The Federal Reserve on Wednesday raised interest rates a quarter of a point to a range between 1 percent and 1.25 percent, citing the relatively steady growth of the economy and need to return to higher baselines.
The decision was expected after months of hinting. It is the second such hike by the central bank in 2017.
Fed officials said “realized and expected labor market conditions and inflation justified the hike, which was supported by all Federal Open Markets Committee (FOMC) members but Minneapolis Fed President Neel Kashkari."
FOMC also hinted toward future hikes this year, saying it “expects that economic conditions will evolve in a manner that will warrant gradual increases in the federal funds rate.”
The Fed has started bringing interest rates slowly back toward historic averages after years of record lows, held steady so the economy could recover from the Great Recession. Fed officials warned that keeping rates too low, for too long, could limit the bank’s ability to respond to a financial crisis.

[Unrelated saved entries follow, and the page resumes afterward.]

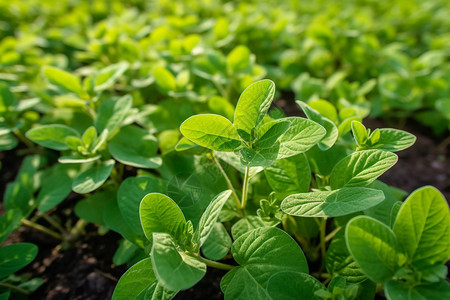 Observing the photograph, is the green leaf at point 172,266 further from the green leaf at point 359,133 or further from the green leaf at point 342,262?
the green leaf at point 359,133

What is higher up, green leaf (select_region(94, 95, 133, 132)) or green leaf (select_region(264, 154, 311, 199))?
green leaf (select_region(94, 95, 133, 132))

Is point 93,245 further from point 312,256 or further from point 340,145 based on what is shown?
point 340,145

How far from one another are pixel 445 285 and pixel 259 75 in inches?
55.0

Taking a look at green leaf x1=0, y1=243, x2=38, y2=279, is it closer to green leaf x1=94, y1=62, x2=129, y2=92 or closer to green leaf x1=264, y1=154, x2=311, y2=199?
green leaf x1=94, y1=62, x2=129, y2=92

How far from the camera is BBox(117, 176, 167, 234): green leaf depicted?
117 cm

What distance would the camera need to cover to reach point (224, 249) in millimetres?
1140

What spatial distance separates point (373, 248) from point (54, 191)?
125 centimetres

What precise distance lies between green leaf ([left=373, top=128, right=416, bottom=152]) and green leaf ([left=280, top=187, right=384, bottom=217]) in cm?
27

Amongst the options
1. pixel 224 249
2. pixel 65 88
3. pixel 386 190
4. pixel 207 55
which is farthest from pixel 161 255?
pixel 207 55

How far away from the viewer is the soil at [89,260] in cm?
133

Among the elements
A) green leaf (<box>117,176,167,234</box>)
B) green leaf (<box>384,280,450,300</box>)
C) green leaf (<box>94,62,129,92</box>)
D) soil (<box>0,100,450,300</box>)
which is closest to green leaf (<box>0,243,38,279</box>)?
soil (<box>0,100,450,300</box>)

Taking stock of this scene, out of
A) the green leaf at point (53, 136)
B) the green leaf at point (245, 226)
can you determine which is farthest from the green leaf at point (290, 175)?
the green leaf at point (53, 136)

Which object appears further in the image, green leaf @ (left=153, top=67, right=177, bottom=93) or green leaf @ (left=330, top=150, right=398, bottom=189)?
green leaf @ (left=153, top=67, right=177, bottom=93)

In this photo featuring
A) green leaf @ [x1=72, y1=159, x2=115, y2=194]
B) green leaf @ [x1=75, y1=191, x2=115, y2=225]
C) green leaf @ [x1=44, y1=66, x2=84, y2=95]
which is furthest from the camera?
green leaf @ [x1=44, y1=66, x2=84, y2=95] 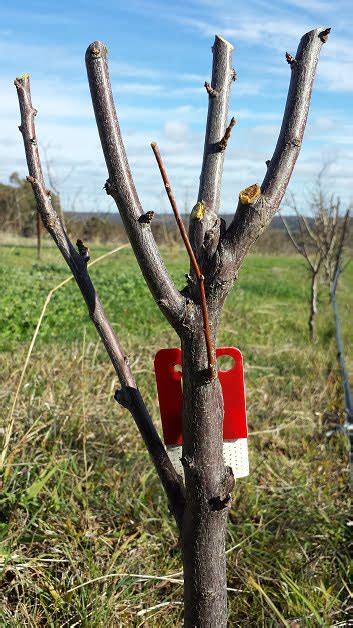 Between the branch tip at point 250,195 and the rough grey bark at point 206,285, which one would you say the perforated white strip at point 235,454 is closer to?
the rough grey bark at point 206,285

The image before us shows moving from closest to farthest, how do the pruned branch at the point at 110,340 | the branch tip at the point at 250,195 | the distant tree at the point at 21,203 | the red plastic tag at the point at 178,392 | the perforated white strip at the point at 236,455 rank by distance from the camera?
the branch tip at the point at 250,195 → the pruned branch at the point at 110,340 → the red plastic tag at the point at 178,392 → the perforated white strip at the point at 236,455 → the distant tree at the point at 21,203

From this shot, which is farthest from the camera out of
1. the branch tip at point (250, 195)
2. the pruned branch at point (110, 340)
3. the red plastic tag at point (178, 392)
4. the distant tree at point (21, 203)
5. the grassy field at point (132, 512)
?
the distant tree at point (21, 203)

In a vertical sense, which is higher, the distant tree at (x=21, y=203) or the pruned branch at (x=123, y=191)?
the distant tree at (x=21, y=203)

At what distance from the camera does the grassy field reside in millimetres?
→ 2529

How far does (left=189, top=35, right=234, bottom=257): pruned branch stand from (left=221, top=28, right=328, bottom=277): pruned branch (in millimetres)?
57

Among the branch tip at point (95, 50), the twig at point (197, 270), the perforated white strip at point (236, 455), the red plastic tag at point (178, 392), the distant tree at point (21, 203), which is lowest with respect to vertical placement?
the perforated white strip at point (236, 455)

After rate hikes in December 2015 and December 2016, the Fed raised rates again in March, as unemployment and inflation hovered around the bank’s target ranges.
“The federal funds rate is likely to remain, for some time, below levels that are expected to prevail in the longer run,” wrote Fed officials on Wednesday. “However, the actual path of the federal funds rate will depend on the economic outlook as informed by incoming data.”
The Fed also detailed its plans to sell off trillions in securities purchased during the financial crisis to help stabilize the United States economy. The bank will sell $6 billion per month of Treasury bonds it holds, and $4 billion per month in agency debt and mortgage-backed securities.
The Fed will increase those caps by $6 billion every three months, until the bank is selling off $30 billion in Treasury bonds and $20 billion in debt each month.
Updated at 2:18 p.m.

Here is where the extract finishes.